‘God is a Gamer’ is the second book of Ravi Subramanian that I happened to pick up after ‘If God was a Banker’ around 3 years back. He, Amish and Chethan are three writers I closely follow as they are the trinity who have kind of made writing an alternate career path for IIM alumni – each of them having chosen a completely different genre to shine in. Ravi Subramanian has often been called India’s own John Grisham. While Chethan created reading interest through his campus romances and Amish had opened up the genre of mythology based fiction, Ravi has pioneered a completely new genre – thrillers around specialized professions. What John Grisham has done for law and Dick Francis for horse racing, Ravi Subramanian has done for banking. Though in terms of pure writing alone, I would hesitate to compare him with his Western counterparts, he is definitely one of the best homegrown writers of commercial / genre fiction.
‘God is a Gamer’ I found was different from ‘If God was a Banker’ in the sense that the author is trying to step out of his comfort zone of banking and step into the world of politics, investigating agencies, organized crime, technology and online gaming. That way the book presents a novelty factor while the author still continues to leverage his rich knowledge of the world of finance and banking. Being a sucker for series stories, I was happy to see some of the characters from ‘If God was a Banker’ make their appearance again in this series: however, here they form part of the supporting cast.
The things I liked most about this book are the pace and simplicity of language that make it a real light, breezy read. There is never a dull moment. This book proceeds at break neck speed with murders, robbery, frauds happening all over. The chapters are all short and the story keeps swinging like a pendulum from US to India and back. This book is one hell of a roller coaster ride – pure unadulterated escapist fiction. I saw some of the other reviews calling the ending predictable. I did not find it so. It did throw up some surprises without completely pulling a Jack out of the box.

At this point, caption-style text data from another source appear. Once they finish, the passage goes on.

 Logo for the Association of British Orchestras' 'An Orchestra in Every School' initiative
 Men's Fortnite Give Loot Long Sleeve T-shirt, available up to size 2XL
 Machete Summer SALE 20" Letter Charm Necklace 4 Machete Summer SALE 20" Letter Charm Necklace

One of the things which I usually like in escapist fiction that was missing in this book was a strong protagonist. The story had a huge cast of characters and all of them were given equal importance. So the reader did not have any one character to root for. One can of course bring up the example of Game of Thrones. But that is epic fantasy that runs over thousands of pages giving readers sufficient scope to familiarize themselves with each of the characters and choose their own hero or heroine. The author of a short thriller does not have that luxury. Also all the characters were stereotypical and none had any distinguishing trait that could really endear them to the reader.

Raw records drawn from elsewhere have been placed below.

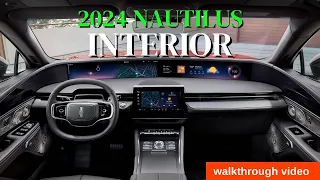 2024 Lincoln Nautilus interior walkthrough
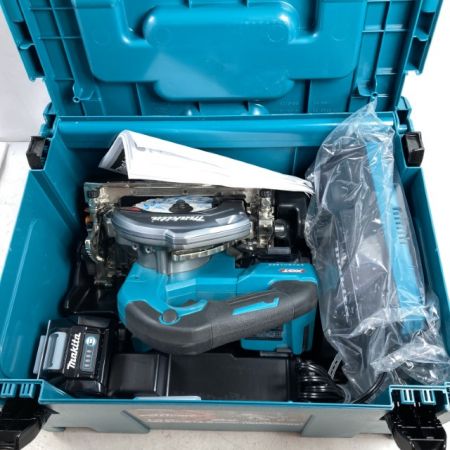  MAKITA マキタ 40Vmax 125mm 充電式マルノコ (バッテリ2個・充電器・ケース付属) HS006GRDX ブルー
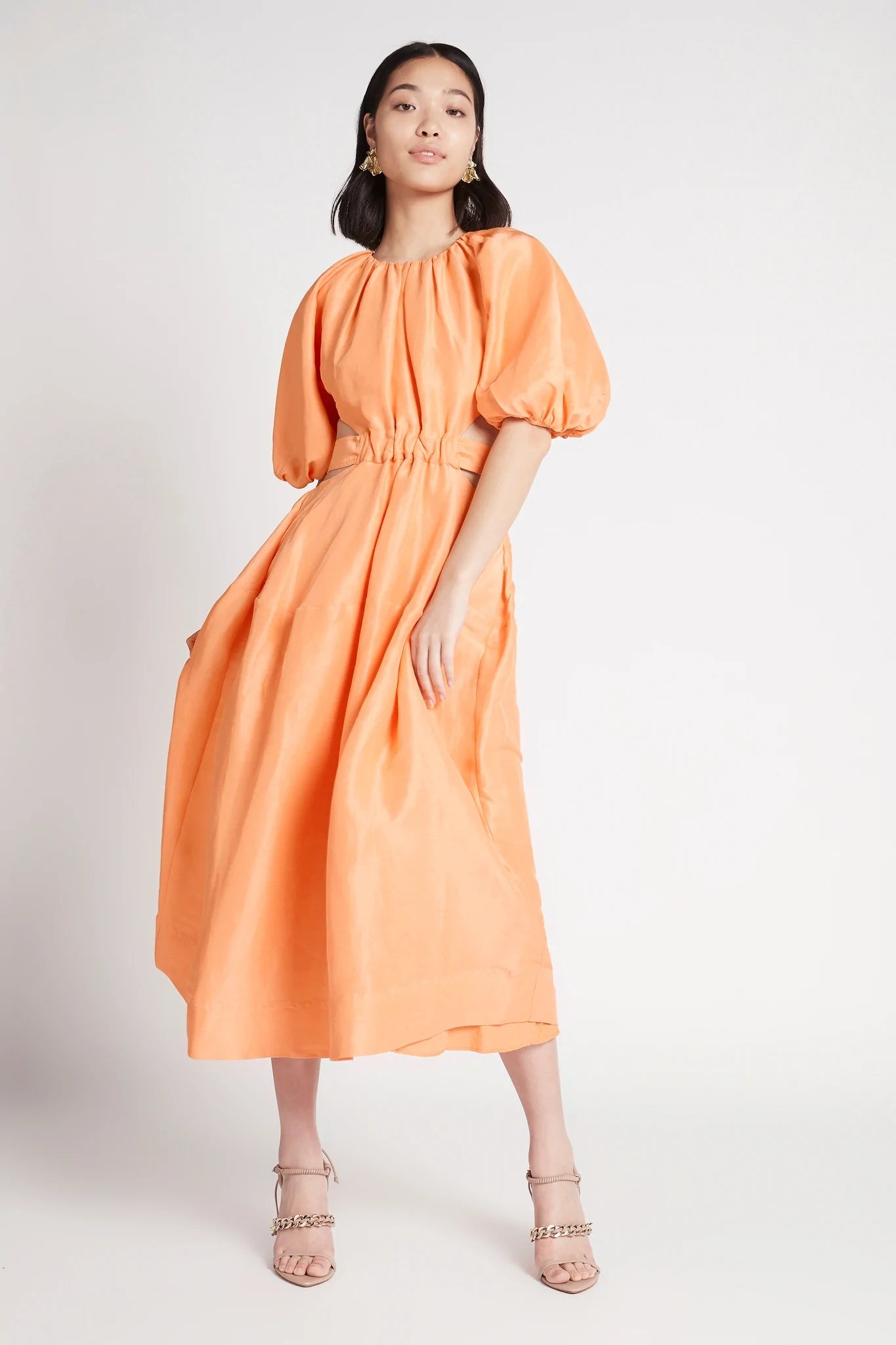 Aje Mimosa Cut Out Midi Dress (Copy) Aje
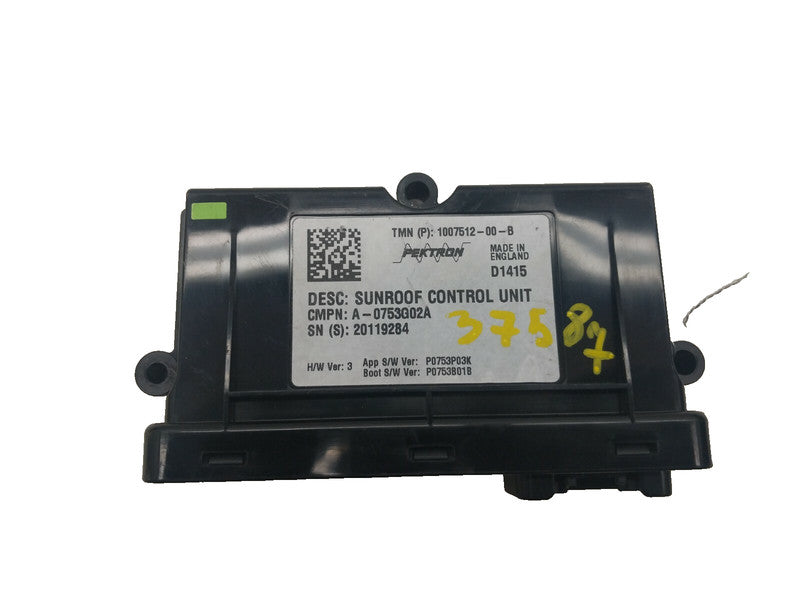 1007512-00-B ⭕ 2012-2020 Tesla Model S MS Sunroof Computer Control Module Unit 1007512-00-B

While some of the concepts like bitcoins and the dynamics of the gaming industry were introduced, I felt the coverage was at best superficial. Also the plot was not perfect and a few gaps were visible hampering the suspension of disbelief that good fiction requires. I also found the narrative quite ordinary with lot of tell and less of show. But none of these should deter a casual Indian reader looking for a light read. They might actually, on the contrary, work to the book’s advantage.
Overall I would say this is an excellent light travel read. It could be easily made into a script for a good Bollywood action thriller movie like say ‘Kahani’.
The book was given to me for review as part of the book tour organized by 'The Book Club' of which I am a member.
The Book Blurb:
Aditya runs a gaming company that is struggling to break even. A banker slips off a highrise building, plunging to her death. The finance minister has made some promises that he is finding hard to keep. The LTTE has unleashed terror in America that sends the FBI on a wild goose chase, bringing them to Mumbai.
Enter Varun, parttime drug dealer and fulltime genius. He turns around the gaming company before disaster strikes. Meanwhile, the investigators plunge headlong into the shady world of bitcoins and the Dark Net, websites that only exist for illegal transactions—drugs, sex and money. God Is a Gamer culminates in a stunning climax where money means nothing, assassination is taught by the ancient Greeks, and nothing is as it seems.